Hacker News new | past | comments | ask | show | jobs | submit login
Reverse engineering guide for beginners: Methodology and tools (0x00sec.org)
801 points by ingve on June 12, 2017 | hide | past | favorite | 63 comments

I highly recommend this guide on how Samba was written, describing the techniques involved on RE [0].

[0] - https://www.samba.org/ftp/tridge/misc/french_cafe.txt

Thanks so much. I respect Samba developers so much for how we take them, and Wine devs for granted, and especially Tridge for RE'ing the Bitkeeper protocol and taking heat from Linus and indirectly leading to git with his unstoppable curiosity.

After brushing up on this, if you're looking for something "fun" to work through, the NSA's 2016 Codebreaker challenge is good, granted you have a .edu email address (only US .edu too, unfortunately).
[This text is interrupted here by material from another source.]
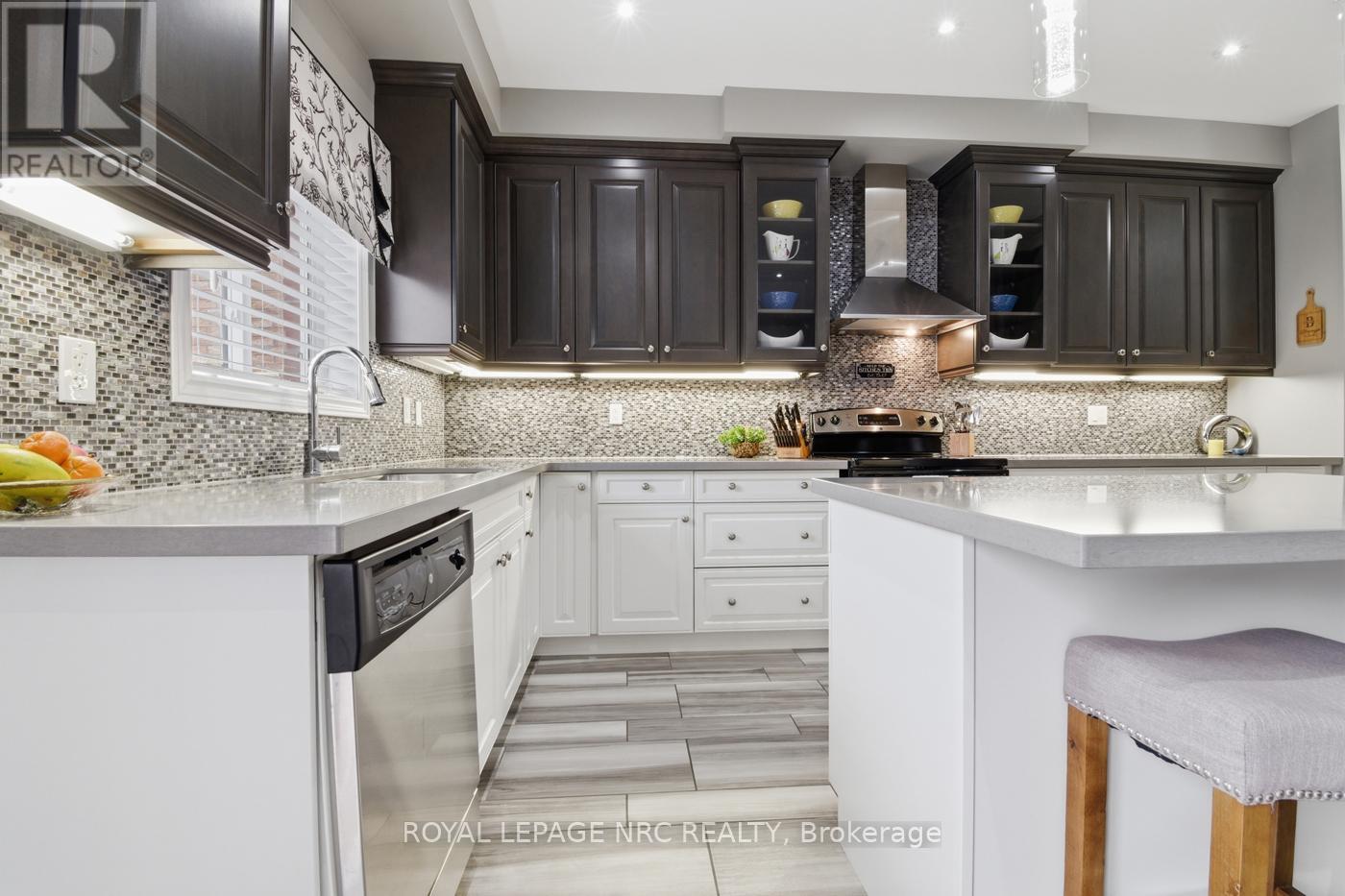 9105 White Oak Avenue, Niagara Falls, Ontario  L2G 0E9 - Photo 19 - X13076328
I think they're going to be keeping the 2016 version up for a while longer. They generally start a new one in September each year.
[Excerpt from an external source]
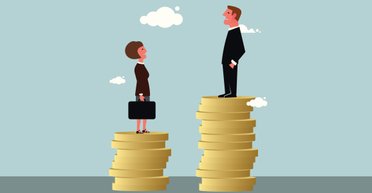 На одну зарплату. Сколько получают чиновники и сколько они хотят для полного счастья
Frankly, Micro-corruption, and crypto-pals is way better if you are looking for something to spend your time on for learning.



Do you happen to know of any similar learning resources or tools for reversing file formats? Reversing the code that actually reads it is one way, but I guess I'm thinking more along the lines of static analysis of the save file.

For example, we plug known data into the program, save it, then figure out how to extract that info from the save file.

Bonus if anyone knows the legal status for that kind of work. My impression is reversing file formats has been successfully defended in US courts but I haven't started researching fully and would appreciate any leads there, cases, etc. to review and potentially discuss with lawyer. (What kind of lawyer would know about that kind of thing?)

Damn, too bad they don't accept .ac.uk addresses :( I feel like there should be a standardised way to ensure users are students/affiliated with an educational institution (maybe an international federation on top of SAML a la the UK Access Management Federation).

I guess at the end of the day the NSA want students in the US, who are likely US citizens and thus eligible for a job.

> I feel like there should be a standardised way to ensure users are students/affiliated with an educational institution

or you know, they could just open it for the public, given that there's such a wide gap in quality, cost, subsidy and affordability between higher education worldwide.

only after I stepped out the university bubble, I saw how unfair this "educational license" stuff really is. so many people who just can't afford to, so many people who don't have access to actual quality education (and don't want to throw money away just to get a piece of paper), so many smart people that spent years in "lower" (level) education (often family background not aiming high enough for their daughter/son) and then not qualifying for further funding (I'm seeing this a lot in the Netherlands, recently, it's really sad).

question is, what are you really selecting for by only accepting affiliation with an educational institution? who are you excluding and why?

(note: I put "lower" in quotes, because I feel everyone should in principle receive education to the best of their abilities. learning skills/knowledge/stuff is the goal and there's nothing wrong if that's not university-level. it's a wide world out there with so many beautiful different kinds of people)

You raise some really interesting points, and it's something I've never really considered befoer. I'm curious as to how you think it should work, though - a universal non-commercial license that people can use personally?

Do you think there's much scope for abuse in terms of people using the licenses commercially without funding the company behind the product, though? As an example I'm considering JetBrains' IDEs, but I think the same concerns could be applied to a wide variety of products.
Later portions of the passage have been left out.